— Provided data —
>>>>
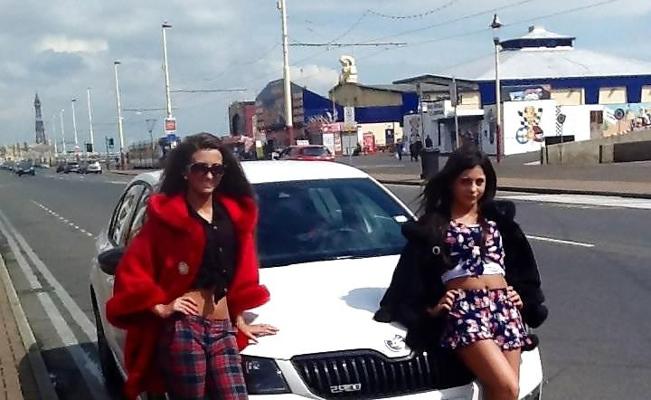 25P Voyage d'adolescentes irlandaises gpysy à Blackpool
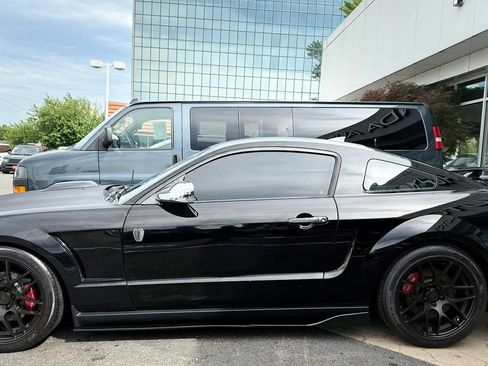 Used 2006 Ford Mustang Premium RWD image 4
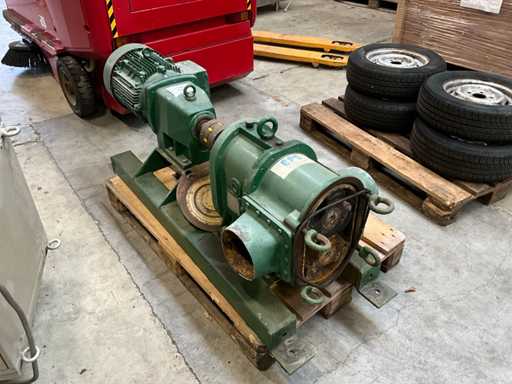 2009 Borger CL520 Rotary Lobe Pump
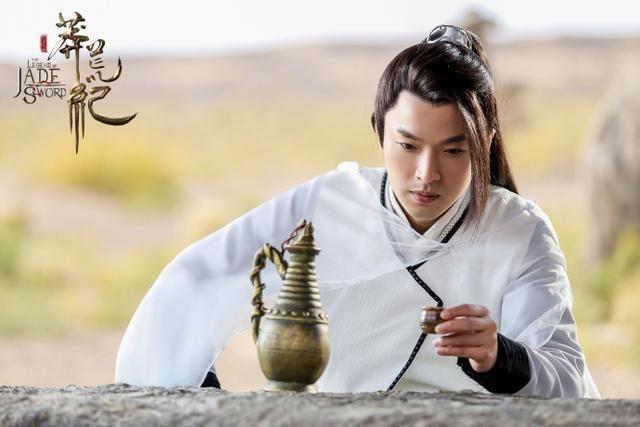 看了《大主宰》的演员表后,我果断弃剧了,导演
<<<<
>>>>
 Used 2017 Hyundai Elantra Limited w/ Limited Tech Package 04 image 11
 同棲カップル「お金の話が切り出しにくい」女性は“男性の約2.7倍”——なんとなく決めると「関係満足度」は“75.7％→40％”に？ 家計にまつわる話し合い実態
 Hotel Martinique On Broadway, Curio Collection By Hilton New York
<<<<
>>>>
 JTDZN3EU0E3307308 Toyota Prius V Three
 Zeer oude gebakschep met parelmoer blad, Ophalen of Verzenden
<<<<
— Task directions —
Reproduce the entries exactly, from the line with "Used 2006 Ford Mustang Premium RWD image 4" to the line with "看了《大主宰》的演员表后,我果断弃剧了,导演", both lines included, keeping no pictures.

— Your response —
 Used 2006 Ford Mustang Premium RWD image 4
 2009 Borger CL520 Rotary Lobe Pump
 看了《大主宰》的演员表后,我果断弃剧了,导演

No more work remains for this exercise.